Als der malaysische Premierminister Dr. Mahathir Mohammad vor kurzem seine Rücktrittsabsicht bekannt gab, wandten sich Malaysier chinesischer Abstammung mit der Bitte an die Partei Mahathirs, dieser möge seine Absichten überdenken. Als Mahathir sich bereit erklärte, wenn auch nur für die nächsten 16 Monate im Amt zu bleiben, waren vor allem die chinesischen Malaysier erleichtert.

Die Tatsache, dass sich chinesische Malaysier auf Dr. Mahathirs Seite schlugen, zeugt von einer stillen Revolution in der malaysischen Politik und davon, dass sich das nationalistische Image Dr. Mahathirs in den 22 Jahren seiner Amtszeit abgeschwächt hat.

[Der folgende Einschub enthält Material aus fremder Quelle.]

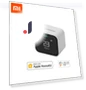 Air Detector Lite Retina Touch IPS Screen — Home Climate Control, Xiaomi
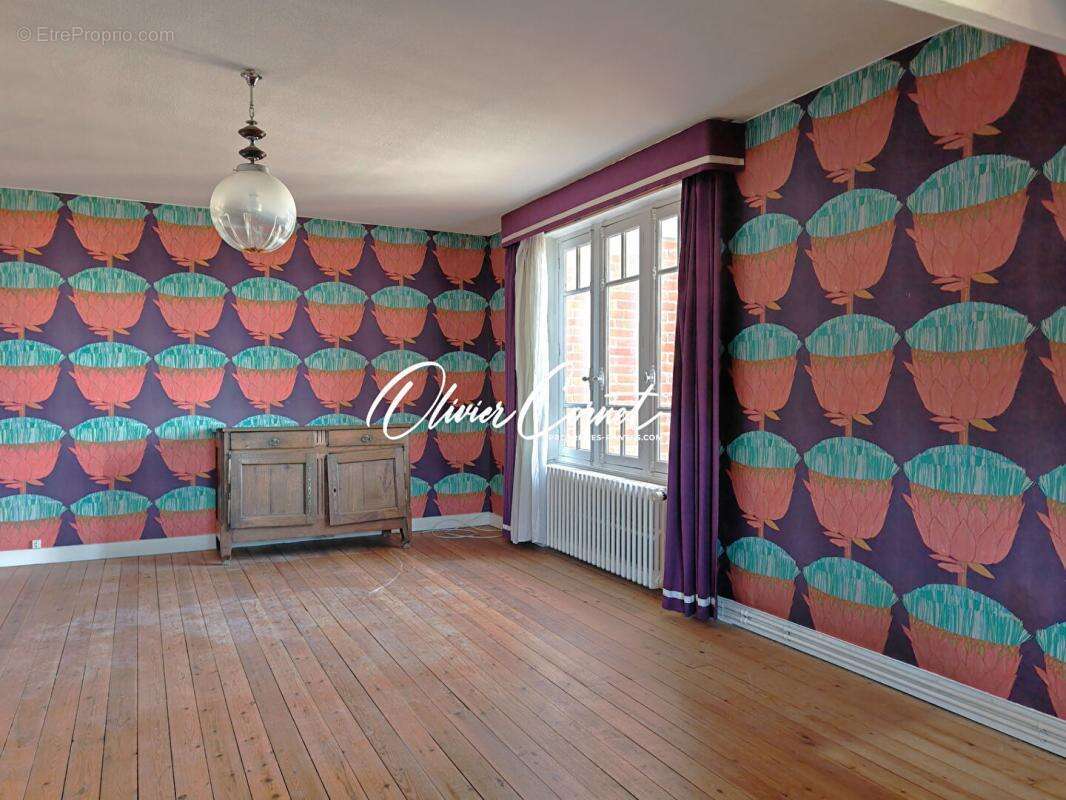 Maison à NOGENT-LE-ROTROU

Es zeugt aber auch vom Gesinnungswandel der Chinesen in Malaysia gegenüber der nationalistischen Bewegung, die ihnen einst so feindlich gesonnen schien.

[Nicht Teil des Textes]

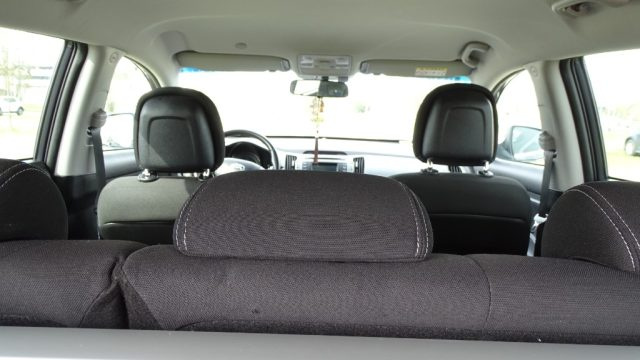 KIA Sportage usata 106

Als die Kolonialregierungen in Südostasien vor vierzig Jahren gestürzt wurden, flohen die Chinesen vielfach vor den für die Unabhängigkeit kämpfenden nationalistischen Bewegungen. Diese Bewegungen betrachteten die Chinesen als rechtlos und falsch, da sie in ihren Augen unverhältnismäßig von der Kolonialherrschaft profitiert hätten. Überall in der Region kam es zu gewalttätigen Übergriffen gegen die Chinesen. Seit dieser Zeit sind viele Chinesen misstrauisch gegenüber politische Parteien mit Verbindungen zu den ehemaligen nationalen Befreiungsbewegungen.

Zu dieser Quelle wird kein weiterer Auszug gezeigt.